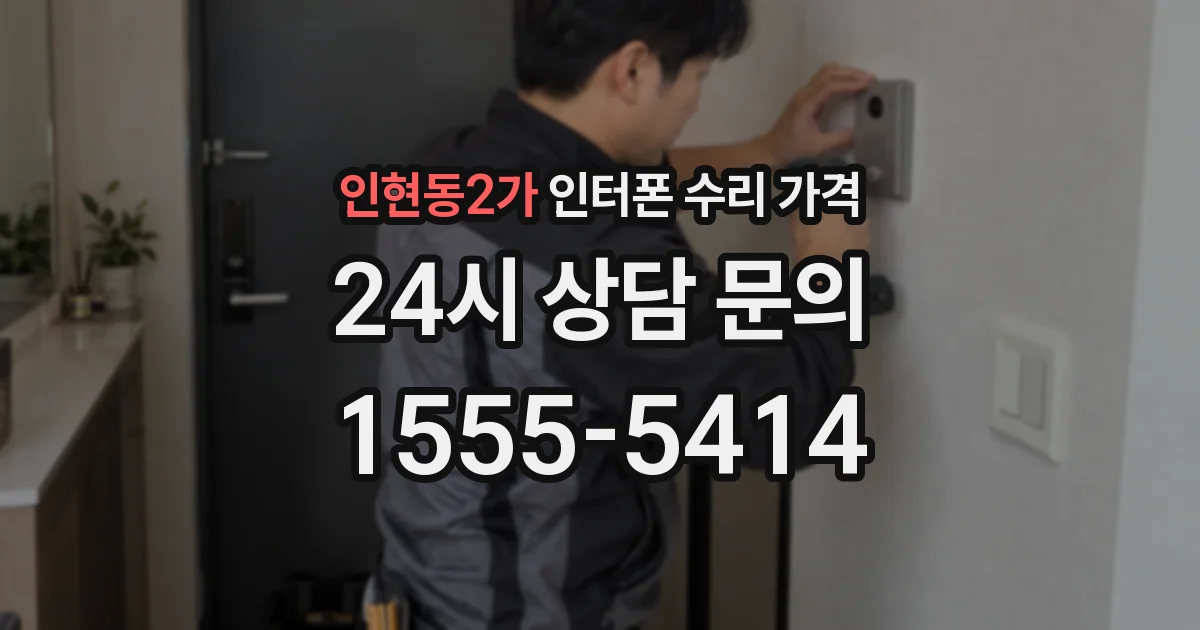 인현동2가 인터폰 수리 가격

++++++++++

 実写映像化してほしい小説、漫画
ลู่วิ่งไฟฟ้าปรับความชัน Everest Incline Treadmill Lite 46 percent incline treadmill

++++++++++

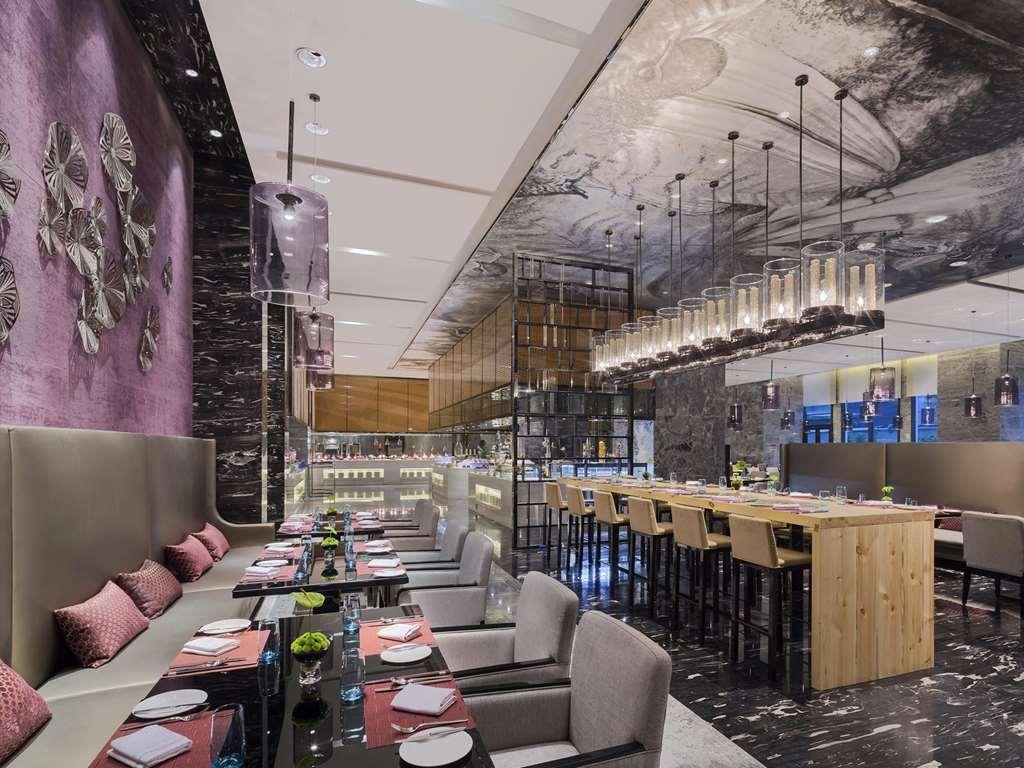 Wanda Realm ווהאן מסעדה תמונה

++++++++++

Everything from the line with "実写映像化してほしい小説、漫画" through the line with "ลู่วิ่งไฟฟ้าปรับความชัน Everest Incline" should be written out exactly as it appears above, end lines included, and nothing outside that range.

# [Task solution]
 実写映像化してほしい小説、漫画
ลู่วิ่งไฟฟ้าปรับความชัน Everest Incline Treadmill Lite 46 percent incline treadmill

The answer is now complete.